- **Task**:
Omit the images. Reproduce each line of the records exactly as it appears.

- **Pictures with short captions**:

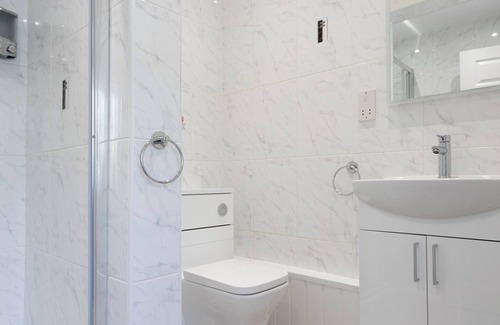 Offerton Haus | Robins Perch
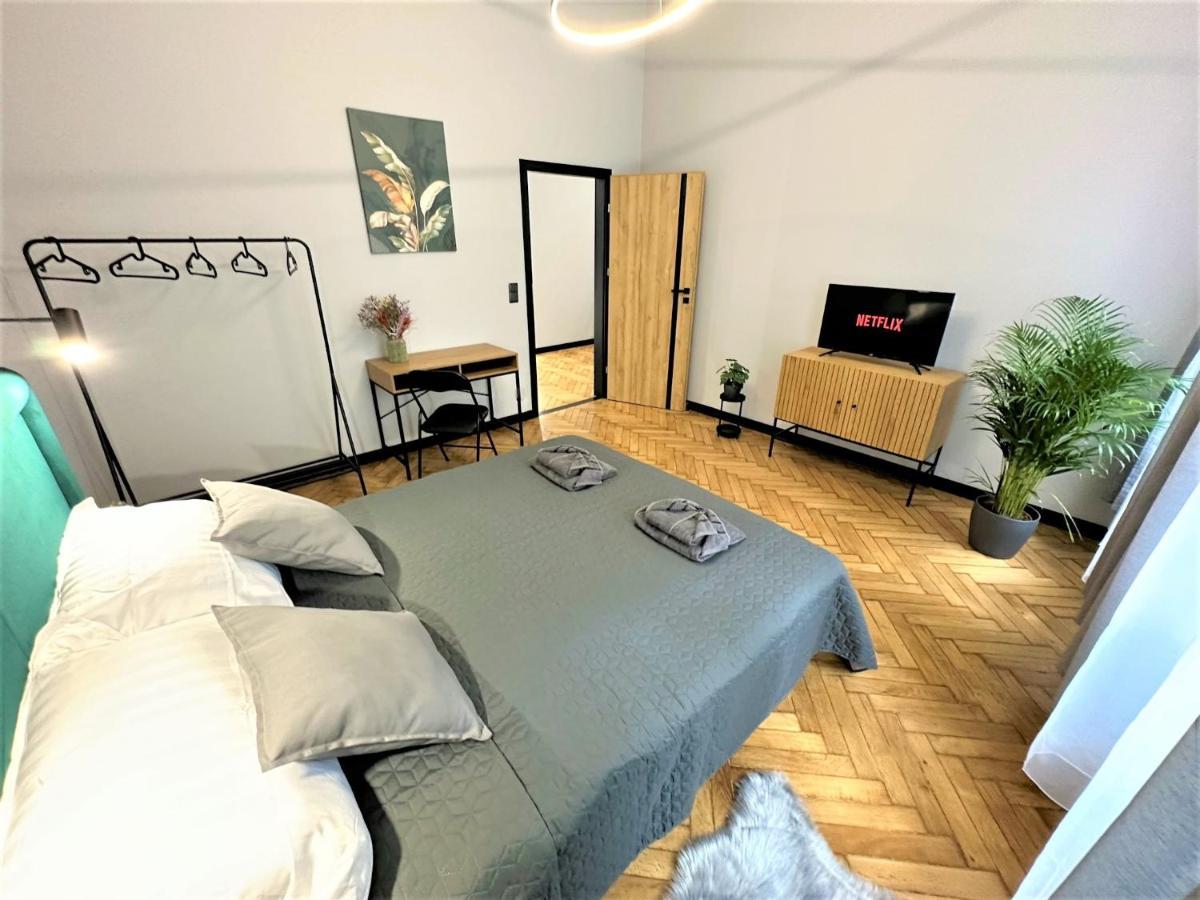 Luxury 100M2 Loft Design-Apartment At Wawel + Netflix คราคูฟ ภายนอก รูปภาพ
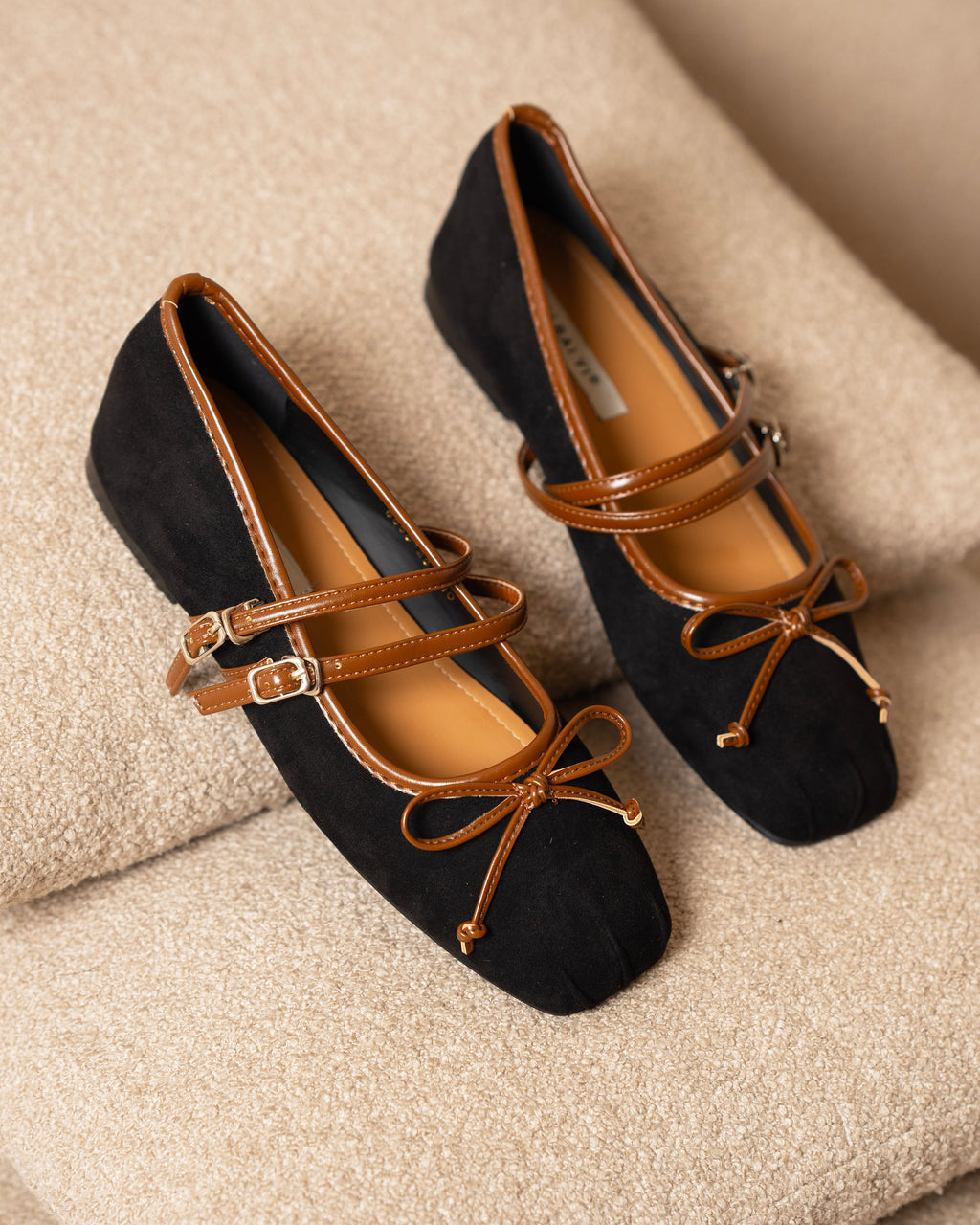 Mila Mary jane flats
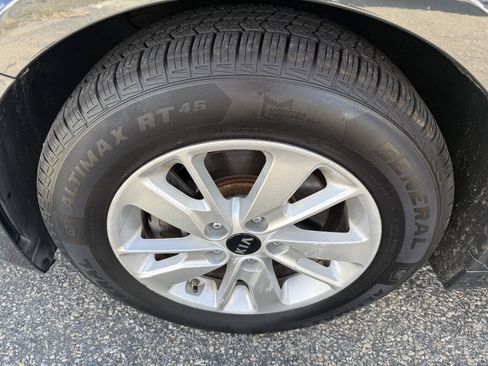 Used 2016 Kia Optima LX FWD image 25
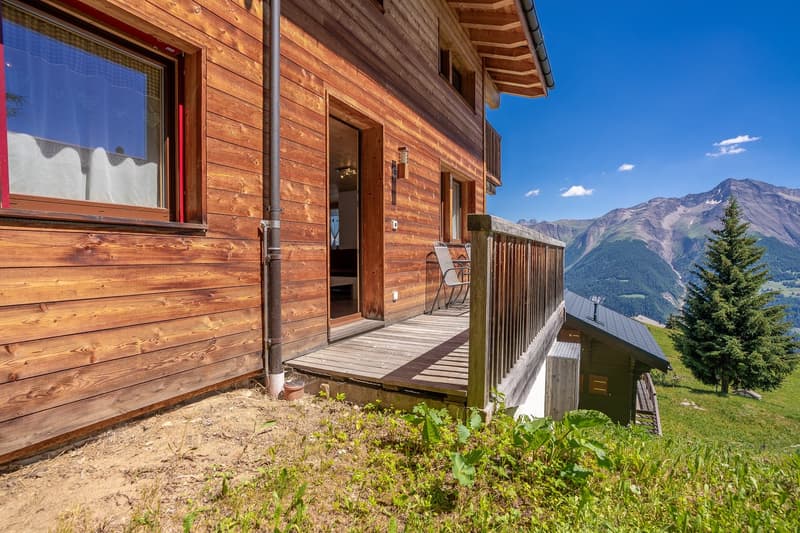 Grosszügige Ferienwohnung mit drei Balkonen im Herzen der Bettmeralp (25)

- **Response below**:
 Offerton Haus | Robins Perch
 Luxury 100M2 Loft Design-Apartment At Wawel + Netflix คราคูฟ ภายนอก รูปภาพ
 Mila Mary jane flats
 Used 2016 Kia Optima LX FWD image 25
 Grosszügige Ferienwohnung mit drei Balkonen im Herzen der Bettmeralp (25)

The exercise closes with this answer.